Ritenour recognizes that some customers may be worried about whether they’ll continue receiving the same level of customer service they have come to expect if IOA’s expansion continues.
“We run into that issue on occasion,” he says. “They say, ‘Are you going to forget us? Are we going to be too small for you?’ But it hasn’t been a problem,” he says. “We don’t force feed anyone; we simply bring these new capabilities to the table and say, ‘If you like what we’re already doing for you, why don’t you give us a try on this other stuff?’ And they kind of laugh and ask, ‘What are you going to do next?'”
Customers say IOA is extremely aggressive in representing their interests with insurance companies. One IOA customer — Forest River Inc., a privately-held manufacturer of leisure vehicles (including RVs, buses and boats) and the owner of a charter airplane company in Elkhart, Ind. — applauds IOA for being more than a typical middleman in the insurance process. ,
“I would say the primary difference between IOA and other brokers is that it isn’t just another agent for a big insurance company or companies; it’s a true advocate, the best advocate I have,” says Bill Coddens, insurance risk manager, who works with two other brokers and who uses IOA to insure a fleet of 20 jets River Forest owns.
“IOA has been absolutely successful in saving us money,” says Coddens, who has been in corporate risk management for 24 years. “They may not start out as our lowest bidder but they often end up there. There’s no question that, over time, through IOA we’ve received the best coverage and service.”
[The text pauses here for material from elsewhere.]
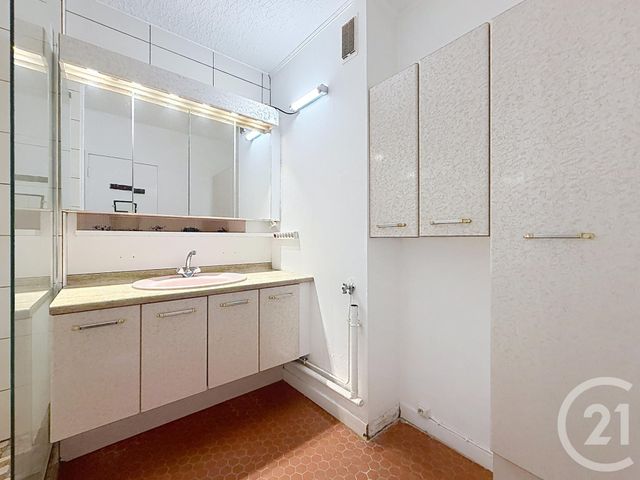 Appartement F3 à louer - 3 pièces - 64.8 m2 - LURE - 70 - FRANCHE-COMTE - Century 21 Gsm Immo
Lubinkas of Nanak’s Landscaping says his business has saved $4.5 million in insurance premiums, the result of a “basket” approach to all of its exposures. “Because of all of their servicing capabilities,” says Lubinkas, “they handle all our claims and send us a single bill every quarter that we pay. The relationship and processes behind it have become almost seamless.”
Ritenour’s clearly pleased with his ability to build his business on the principle of taking care of his employees first and foremost. IOA also runs a day care center on the premises and a fitness center as well.
“As a private agency, we’re able to invest a lot of our profits back into the company, creating value for our customers and employees that I don’t think a lot of banks and public companies can match. We all come out ahead in the process.”